L’annonce de la naturalisation française de George Clooney fait des remous en France et suscite beaucoup de réactions. Les ministres ne sont pas épargnés. Invitée dans la matinale de Franceinfo mercredi 31 décembre, la ministre déléguée auprès du ministère de l’Intérieur, Marie-Pierre Vedrenne, semblait reconnaître à demi-mot le malaise qu’a pu provoquer cette procédure de naturalisation dans l’opinion. «À titre personnel, je peux comprendre l’appréciation de certains Français sur ce sujet du «deux poids deux mesures»», a-t-elle admis.
De son côté, la ministre déléguée affirme ne pas avoir connaissance d’un traitement de faveur pour l’acteur désormais naturalisé.
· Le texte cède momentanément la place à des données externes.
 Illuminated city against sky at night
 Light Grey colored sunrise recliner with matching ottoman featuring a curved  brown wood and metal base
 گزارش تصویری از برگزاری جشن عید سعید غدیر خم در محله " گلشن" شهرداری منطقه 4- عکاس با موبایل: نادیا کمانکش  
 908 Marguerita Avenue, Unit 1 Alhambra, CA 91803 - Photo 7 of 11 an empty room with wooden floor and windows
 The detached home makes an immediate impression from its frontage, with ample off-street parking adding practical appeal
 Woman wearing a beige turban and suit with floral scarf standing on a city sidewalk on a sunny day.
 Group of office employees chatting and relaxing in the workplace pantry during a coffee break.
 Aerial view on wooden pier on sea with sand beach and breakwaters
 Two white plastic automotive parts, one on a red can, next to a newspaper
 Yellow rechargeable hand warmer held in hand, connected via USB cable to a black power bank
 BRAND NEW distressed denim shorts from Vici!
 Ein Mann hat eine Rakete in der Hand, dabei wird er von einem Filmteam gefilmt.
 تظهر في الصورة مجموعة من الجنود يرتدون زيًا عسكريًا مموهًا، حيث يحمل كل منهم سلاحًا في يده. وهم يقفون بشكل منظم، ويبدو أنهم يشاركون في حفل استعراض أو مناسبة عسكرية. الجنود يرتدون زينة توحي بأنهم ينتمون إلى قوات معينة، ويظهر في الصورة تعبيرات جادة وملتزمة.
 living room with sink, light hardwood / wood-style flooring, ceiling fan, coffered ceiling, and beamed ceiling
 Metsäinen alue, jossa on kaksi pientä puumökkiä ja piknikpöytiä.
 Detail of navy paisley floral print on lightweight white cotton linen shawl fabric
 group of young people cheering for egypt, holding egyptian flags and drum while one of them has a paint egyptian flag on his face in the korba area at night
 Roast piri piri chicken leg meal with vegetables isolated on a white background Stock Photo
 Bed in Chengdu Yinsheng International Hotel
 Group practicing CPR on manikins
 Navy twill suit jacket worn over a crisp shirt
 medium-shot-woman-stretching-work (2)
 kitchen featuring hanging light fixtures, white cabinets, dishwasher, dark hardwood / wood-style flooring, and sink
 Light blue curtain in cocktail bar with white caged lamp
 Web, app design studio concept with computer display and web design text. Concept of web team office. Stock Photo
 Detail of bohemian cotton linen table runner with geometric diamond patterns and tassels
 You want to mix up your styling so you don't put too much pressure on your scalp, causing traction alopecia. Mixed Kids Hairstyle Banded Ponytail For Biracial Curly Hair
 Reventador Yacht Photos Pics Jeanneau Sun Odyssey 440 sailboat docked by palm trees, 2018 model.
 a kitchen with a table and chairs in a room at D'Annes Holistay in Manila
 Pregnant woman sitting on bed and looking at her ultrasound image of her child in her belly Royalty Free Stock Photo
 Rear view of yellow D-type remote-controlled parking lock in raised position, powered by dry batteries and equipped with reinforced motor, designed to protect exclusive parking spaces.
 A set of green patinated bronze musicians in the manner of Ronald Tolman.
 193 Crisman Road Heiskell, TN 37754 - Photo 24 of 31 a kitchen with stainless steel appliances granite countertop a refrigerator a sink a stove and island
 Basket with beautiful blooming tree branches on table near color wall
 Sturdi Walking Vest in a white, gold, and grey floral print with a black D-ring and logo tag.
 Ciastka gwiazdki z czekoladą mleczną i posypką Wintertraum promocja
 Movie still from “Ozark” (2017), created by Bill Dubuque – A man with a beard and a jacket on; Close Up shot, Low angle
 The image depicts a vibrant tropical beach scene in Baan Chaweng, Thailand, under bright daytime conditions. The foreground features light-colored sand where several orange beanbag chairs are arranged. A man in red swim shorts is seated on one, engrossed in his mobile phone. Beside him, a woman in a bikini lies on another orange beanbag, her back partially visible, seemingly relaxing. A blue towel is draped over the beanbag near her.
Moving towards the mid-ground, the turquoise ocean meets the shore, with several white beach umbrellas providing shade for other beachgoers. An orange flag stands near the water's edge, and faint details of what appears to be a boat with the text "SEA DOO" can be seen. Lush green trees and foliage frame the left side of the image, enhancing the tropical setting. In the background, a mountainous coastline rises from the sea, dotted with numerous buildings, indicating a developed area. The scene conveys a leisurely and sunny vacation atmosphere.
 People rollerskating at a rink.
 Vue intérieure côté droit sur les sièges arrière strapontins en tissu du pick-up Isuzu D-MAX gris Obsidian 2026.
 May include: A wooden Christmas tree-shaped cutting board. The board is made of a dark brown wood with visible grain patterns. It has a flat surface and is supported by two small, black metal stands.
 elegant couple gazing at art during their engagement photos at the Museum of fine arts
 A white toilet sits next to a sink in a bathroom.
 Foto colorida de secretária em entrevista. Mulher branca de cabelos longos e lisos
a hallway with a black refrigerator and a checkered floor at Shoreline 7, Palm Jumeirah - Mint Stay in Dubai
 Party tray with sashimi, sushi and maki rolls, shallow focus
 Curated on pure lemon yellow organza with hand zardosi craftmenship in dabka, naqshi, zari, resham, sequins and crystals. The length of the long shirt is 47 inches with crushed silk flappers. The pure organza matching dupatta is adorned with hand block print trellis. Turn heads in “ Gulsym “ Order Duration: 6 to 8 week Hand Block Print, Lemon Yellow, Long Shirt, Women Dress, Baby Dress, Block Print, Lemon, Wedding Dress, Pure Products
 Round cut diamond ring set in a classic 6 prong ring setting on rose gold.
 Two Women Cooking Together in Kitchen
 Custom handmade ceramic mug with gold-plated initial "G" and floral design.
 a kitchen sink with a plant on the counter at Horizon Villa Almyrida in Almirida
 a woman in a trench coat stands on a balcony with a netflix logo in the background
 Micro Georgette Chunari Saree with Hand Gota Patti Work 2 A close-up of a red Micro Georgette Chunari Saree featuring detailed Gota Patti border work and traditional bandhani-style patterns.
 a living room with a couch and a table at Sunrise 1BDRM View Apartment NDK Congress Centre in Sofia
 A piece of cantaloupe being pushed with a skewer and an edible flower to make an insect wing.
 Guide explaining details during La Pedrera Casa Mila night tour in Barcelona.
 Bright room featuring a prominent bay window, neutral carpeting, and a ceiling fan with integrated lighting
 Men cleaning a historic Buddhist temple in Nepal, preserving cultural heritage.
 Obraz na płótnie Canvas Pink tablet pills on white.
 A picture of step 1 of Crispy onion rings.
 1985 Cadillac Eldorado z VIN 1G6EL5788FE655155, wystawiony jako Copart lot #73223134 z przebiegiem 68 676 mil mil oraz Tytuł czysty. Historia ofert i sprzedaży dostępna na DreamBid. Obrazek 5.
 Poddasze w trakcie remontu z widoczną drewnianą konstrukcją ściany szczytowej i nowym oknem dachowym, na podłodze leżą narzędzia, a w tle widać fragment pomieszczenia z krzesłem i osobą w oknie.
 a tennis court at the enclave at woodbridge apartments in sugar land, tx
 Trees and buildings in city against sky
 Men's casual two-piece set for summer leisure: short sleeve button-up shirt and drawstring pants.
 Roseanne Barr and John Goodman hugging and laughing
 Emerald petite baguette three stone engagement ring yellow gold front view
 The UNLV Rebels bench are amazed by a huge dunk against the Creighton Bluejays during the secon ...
Mais elle avoue s’interroger sur le signal envoyé à la population française. «Je pense que ce n’est pas le bon message envoyé», a-t-elle affirmé face à notre confrère de Franceinfo.
Un débat sur l’équité de cette procédure
Lors de sa réponse, la ministre a toutefois insisté sur un point en particulier : le fond du dossier en soi ne pose pas de problème, George Clooney habitant en France depuis plusieurs années et possédant une résidence sur le territoire. Mais pour elle, «on doit faire attention au message qu’on peut envoyer». Selon la ministre, la question de fond est donc celle de «l’équité», «absolument essentielle» à ses yeux.
Une prise de position qui montre bien qu’au sein même du gouvernement, il est possible d’entrevoir des tensions internes sur cette affaire. Si la naturalisation est une décision administrative, elle est encadrée par des critères précis. Mais la médiatisation d’un dossier qui concerne un acteur de l’envergure de George Clooney ravive une frustration chez certains demandeurs de la nationalité française, parfois engagés depuis plusieurs années dans un parcours long et complexe.